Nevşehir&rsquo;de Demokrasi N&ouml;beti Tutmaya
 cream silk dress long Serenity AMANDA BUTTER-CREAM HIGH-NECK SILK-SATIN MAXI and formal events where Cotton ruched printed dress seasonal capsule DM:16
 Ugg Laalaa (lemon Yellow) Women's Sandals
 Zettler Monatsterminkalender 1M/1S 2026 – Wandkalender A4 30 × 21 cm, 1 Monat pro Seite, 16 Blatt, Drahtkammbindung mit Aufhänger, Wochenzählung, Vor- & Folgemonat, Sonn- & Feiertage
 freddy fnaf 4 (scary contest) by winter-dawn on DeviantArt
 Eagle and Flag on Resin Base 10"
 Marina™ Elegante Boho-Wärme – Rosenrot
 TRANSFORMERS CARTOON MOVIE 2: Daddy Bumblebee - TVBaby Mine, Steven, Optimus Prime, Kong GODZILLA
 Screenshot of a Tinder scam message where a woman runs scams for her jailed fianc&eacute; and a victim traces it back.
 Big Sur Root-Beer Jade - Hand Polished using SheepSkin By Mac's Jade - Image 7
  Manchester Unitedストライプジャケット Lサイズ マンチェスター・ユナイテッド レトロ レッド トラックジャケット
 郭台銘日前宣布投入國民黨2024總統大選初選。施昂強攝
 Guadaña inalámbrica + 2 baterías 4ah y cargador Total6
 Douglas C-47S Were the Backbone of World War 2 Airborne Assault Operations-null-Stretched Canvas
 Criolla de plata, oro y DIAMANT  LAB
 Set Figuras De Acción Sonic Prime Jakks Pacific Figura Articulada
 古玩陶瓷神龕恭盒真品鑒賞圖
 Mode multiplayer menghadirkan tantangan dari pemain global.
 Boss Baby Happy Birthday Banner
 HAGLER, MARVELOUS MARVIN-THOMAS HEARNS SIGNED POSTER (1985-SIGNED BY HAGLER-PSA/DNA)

######

### Work instructions
Looking at the data above, write out exactly the lines that start at the one containing "Manchester Unitedストライプジャケット Lサイズ" and end at the one containing "Set Figuras De"; include both and nothing beyond.

### Reply to the task
  Manchester Unitedストライプジャケット Lサイズ マンチェスター・ユナイテッド レトロ レッド トラックジャケット
 郭台銘日前宣布投入國民黨2024總統大選初選。施昂強攝
 Guadaña inalámbrica + 2 baterías 4ah y cargador Total6
 Douglas C-47S Were the Backbone of World War 2 Airborne Assault Operations-null-Stretched Canvas
 Criolla de plata, oro y DIAMANT  LAB
 Set Figuras De Acción Sonic Prime Jakks Pacific Figura Articulada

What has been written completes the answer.